The Amazing Affordability
The increasingly impossible price of living has long been a trending topic for millennials. Who can forget that millionaire who preached to us, apparently the most entitled generation ever, that we could afford to buy a house if we stopped spending all our money on avocado toast? This completely warped perspective, of the current state of the global economy, caused most of us to snort derisively into our craft beers and artisanal coffee. Truth is that the bulk of our salaries are swallowed by rent alone, never mind the impossible prospect of the mortgage price.

Photo: Rafael Leão@raflfc

Not in the platteland. The look of shock I see on the faces of my friends when I tell them the price of my three-bedroom house, with two bathrooms, wooden floors, antique fireplace, stately front porch and rambling backyard, never gets old. Especially since it can be rounded off to the cost of a weekly grocery run at Woolworths, avocadoes included.

The Freedom
This is a somewhat visceral point, I know, but the freedom of life in the platteland is something I have never experienced anywhere else, not in the cosmopolitan culture of Cape Town, or the endless opportunity of Bangkok.

The freedom to just be. From the outside, small platteland towns might appear conservative, but scratch the polite surface layer and you’ll find a microcosm of humanity, from artists, to writers, professors, interior decorators, entrepreneurs and activists. This is a creative’s dreamscape, fertile ground for the enterprising spirit that has defined our generation. And the cost of living makes it a great place to establish that start-up, pursue that online content gig, or complete the project that will define your career for years to come.

The Platteland Affords a Rich Life that is Easily Earned
Wealth – the meaning and distribution thereof – is an important topic for our generation. Many of us entered the job market just as the global economy fell into recession, and ever since then it has been a daily grind to live in an overpriced apartment with almost zero savings. This state of things has caused many millennials to question the meaning of a quality life, seeking it in minimalism, or nostalgic re-inventions of a seemingly better era (commonly referred to as hipsters).

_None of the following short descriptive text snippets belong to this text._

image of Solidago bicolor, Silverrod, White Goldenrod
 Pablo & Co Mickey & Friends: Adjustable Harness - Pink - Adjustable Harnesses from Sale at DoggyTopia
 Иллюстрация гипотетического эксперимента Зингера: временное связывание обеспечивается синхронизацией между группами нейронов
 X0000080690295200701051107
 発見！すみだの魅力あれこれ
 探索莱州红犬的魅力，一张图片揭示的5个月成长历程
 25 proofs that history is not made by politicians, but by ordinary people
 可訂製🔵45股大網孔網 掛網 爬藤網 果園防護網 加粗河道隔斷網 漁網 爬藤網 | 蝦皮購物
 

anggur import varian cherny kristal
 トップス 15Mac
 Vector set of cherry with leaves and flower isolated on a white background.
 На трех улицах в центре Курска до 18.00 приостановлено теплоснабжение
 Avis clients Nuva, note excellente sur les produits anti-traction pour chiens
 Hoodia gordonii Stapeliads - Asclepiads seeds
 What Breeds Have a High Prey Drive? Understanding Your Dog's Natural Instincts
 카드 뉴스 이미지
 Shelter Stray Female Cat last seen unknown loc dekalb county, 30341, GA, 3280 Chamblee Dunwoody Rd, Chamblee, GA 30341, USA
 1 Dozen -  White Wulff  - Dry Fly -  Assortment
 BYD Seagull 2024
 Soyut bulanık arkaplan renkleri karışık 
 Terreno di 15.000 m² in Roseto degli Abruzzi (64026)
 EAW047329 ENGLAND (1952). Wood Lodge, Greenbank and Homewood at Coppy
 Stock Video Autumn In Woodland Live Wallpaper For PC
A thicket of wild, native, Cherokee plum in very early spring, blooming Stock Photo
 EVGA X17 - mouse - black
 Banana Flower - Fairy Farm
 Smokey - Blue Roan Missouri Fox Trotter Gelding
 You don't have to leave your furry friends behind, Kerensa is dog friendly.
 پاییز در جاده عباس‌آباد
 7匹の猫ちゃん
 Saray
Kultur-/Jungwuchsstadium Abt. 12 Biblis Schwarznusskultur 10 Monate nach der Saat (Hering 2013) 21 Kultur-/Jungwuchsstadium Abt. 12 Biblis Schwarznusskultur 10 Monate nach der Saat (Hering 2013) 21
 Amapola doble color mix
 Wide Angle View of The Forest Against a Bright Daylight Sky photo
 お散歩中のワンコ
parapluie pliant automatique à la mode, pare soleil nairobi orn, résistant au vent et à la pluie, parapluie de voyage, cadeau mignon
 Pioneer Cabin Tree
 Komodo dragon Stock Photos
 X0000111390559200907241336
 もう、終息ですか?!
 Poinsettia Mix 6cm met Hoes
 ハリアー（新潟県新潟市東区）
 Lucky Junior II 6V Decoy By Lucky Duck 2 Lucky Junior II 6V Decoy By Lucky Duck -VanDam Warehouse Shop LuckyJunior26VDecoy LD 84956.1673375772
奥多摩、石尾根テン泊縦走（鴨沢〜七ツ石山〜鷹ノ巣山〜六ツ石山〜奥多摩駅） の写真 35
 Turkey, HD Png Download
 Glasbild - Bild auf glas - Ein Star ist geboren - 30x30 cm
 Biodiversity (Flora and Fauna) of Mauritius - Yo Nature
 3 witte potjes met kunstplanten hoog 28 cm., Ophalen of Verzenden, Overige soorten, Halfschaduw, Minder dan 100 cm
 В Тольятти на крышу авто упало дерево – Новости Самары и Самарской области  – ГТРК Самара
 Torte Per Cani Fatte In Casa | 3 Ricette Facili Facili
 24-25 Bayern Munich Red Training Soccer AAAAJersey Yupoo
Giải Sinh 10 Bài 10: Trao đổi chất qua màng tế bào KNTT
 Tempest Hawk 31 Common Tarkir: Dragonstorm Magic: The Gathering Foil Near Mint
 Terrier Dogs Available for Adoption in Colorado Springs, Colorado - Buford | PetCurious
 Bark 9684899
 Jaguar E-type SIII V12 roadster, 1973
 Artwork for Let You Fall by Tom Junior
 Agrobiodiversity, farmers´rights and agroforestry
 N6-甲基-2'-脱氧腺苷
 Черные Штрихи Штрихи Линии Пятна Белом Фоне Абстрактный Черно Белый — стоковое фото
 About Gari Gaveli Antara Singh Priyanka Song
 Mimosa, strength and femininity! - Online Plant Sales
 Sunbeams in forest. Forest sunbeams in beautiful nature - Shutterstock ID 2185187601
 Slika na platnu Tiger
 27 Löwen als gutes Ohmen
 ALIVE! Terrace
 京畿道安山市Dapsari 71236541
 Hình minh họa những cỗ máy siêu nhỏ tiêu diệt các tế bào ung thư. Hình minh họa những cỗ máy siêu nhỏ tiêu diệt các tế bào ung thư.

Life in the platteland has given this millennial journalist a life rich with meaning, nights spent with friends stargazing after a dinner of philosophical gossiping, meetings with fearless entrepreneurs full of ideas, all interspersed with antique bookstores, delightful thrift shops, and interesting local restaurants.

Add to this an affordable space, with the time to establish a career away from the corporate machine, and the freedom to rediscover the creativity that was lost in the consumer-driven chaos of the urban dream.

So, while my choice, like that of many other millennials, to choose life in the platteland, might seem strange and daunting to those who are still worried about giving up the creature comforts of city life, I can safely tell you that life in the platteland is all that and a bag of avos!